F tipi cezaevlerine karşı oluşturulan platformlardan biri olan Mamak Hücre Karşıtı Platform, 13 Ağustosta Mamakta bir etkinlik gerçekleştirdi. Saat 19:30da başlayan etkinliğin öncesinde, F Tipi Cezaevlerine Karşı Aydın ve Sanatçı Girişiminin Pir Sultan Abdal Kültür Derneği Mamak Şubesinde düzenlediği panelin bitimi sonrasında, panele katılan kitle ile birlikte topluca yüründü. Hücreleri parçala, tutsaklara sahip çık!, Hücrelere girmeyeceğiz, direneceğiz!, Susma sustukça sıra sana gelecek!, Kurtuluş yok tek başına, ya hep beraber ya hiçbirimiz! sloganları ve alkışlar eşliğinde süren yürüyüş Feyzullah Çınar Parkına kadar sürdü. Yürüyüşe çevredeki esnaf ve semt sakinleri evlerinden alkışlarla destek verdiler.

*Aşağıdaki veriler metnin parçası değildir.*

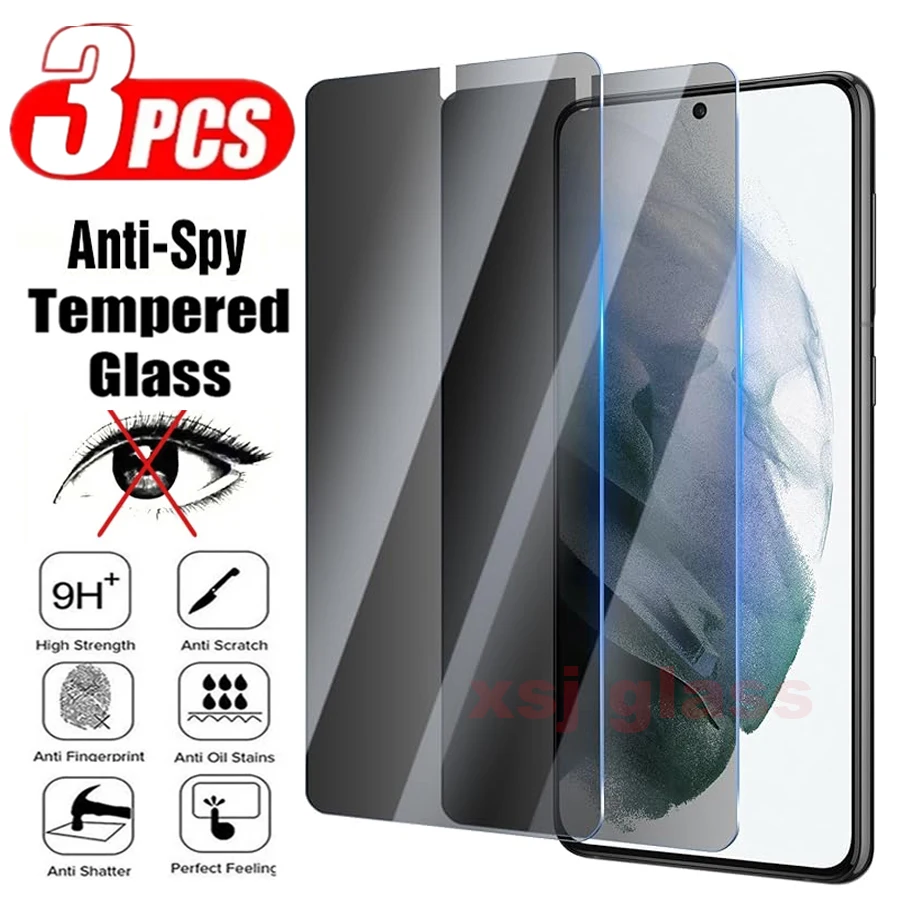 

9H 0.2mm Anti-Spy Protective Tempered Glass Film For Samsung Galaxy S21 + S22 + S23 + 5G 3PCS Privacy Screen Protector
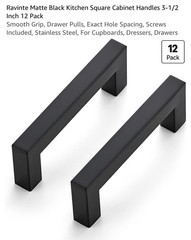 Ravinte 12 Pack 3-1/2 Inch Kitchen Square Cabinet Handles Matte Black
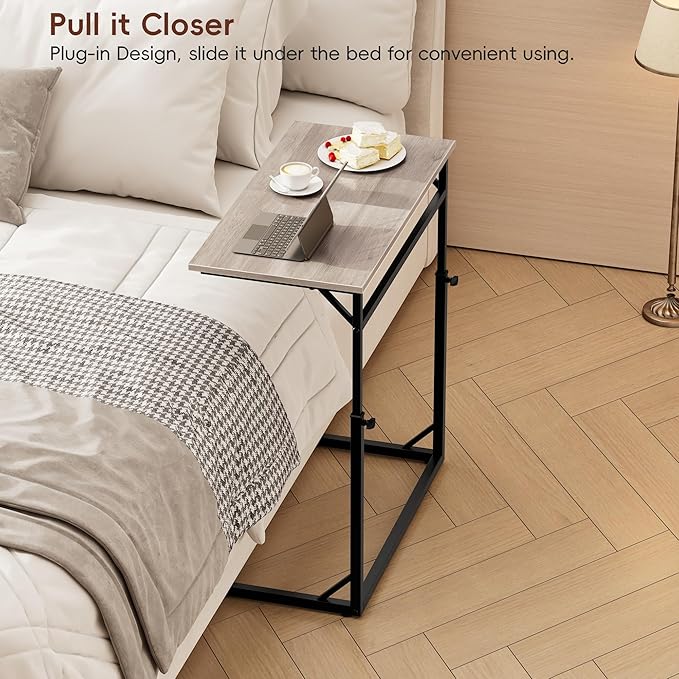Vagusicc C Shaped End Table, 33.5"Tall Side Table for Couch, C-Table Sofa Table Adjustable Height Side Table, Large Surface Slide Under Couch Table, Coffee Table TV Tray for Living Room, Bedroom, Grey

Yaklaşık 100 kişinin katıldığı eylem, çevredeki halkın desteğiyle parkta devam etti. F tipi cezaevlerinin amacının anlatıldığı ve hücrenin toplumun tüm ezilen ve muhalif kesimlerine yönelik bir saldırı olduğu belirtilen eylemde, Tiyatro Akış da RAF üyesi bir gazetecinin hücrede yaşadıklarını anlatan bir oyun sergiledi. Oyunun ardından tüm kitle birlikte Özgür Tutsak şarkısını söyledi.
Mücadele şiirlerinin de okunduğu etkinliğin bitmesinin ardından, kitle bu kez Tuzluçayır göbeğine doğru sloganlarla yürüyüşe geçti. Göbeğe gelindiğinde eylemin bitirildiği söylendi ve kitle buradan dağıldı.
Toplumun duyarlı bir kesiminin oturduğu Tuzluçayır semtinde oluşturulan bu platform, uzun bir aradan sonra böylesi bir etkinlik gerçekleştirdi. Oysa ki yapılması gereken, özellikle de bu tür bölgelerde, sürekliliği olan eylemlilikler düzenlemektir. Bu yapılan etkinlikte işyerlerinden ve evlerden alkışlarla destek alınması, sürekli yapılacak etkinlikler sayesinde, dün alkış tutanların yarın yanımızda yürümesi anlamına geleceğini gösteriyor. Bunu başarmanın yolu da özverili, etkin bir çaba sarfederek çalışma yürütmekten geçmektedir.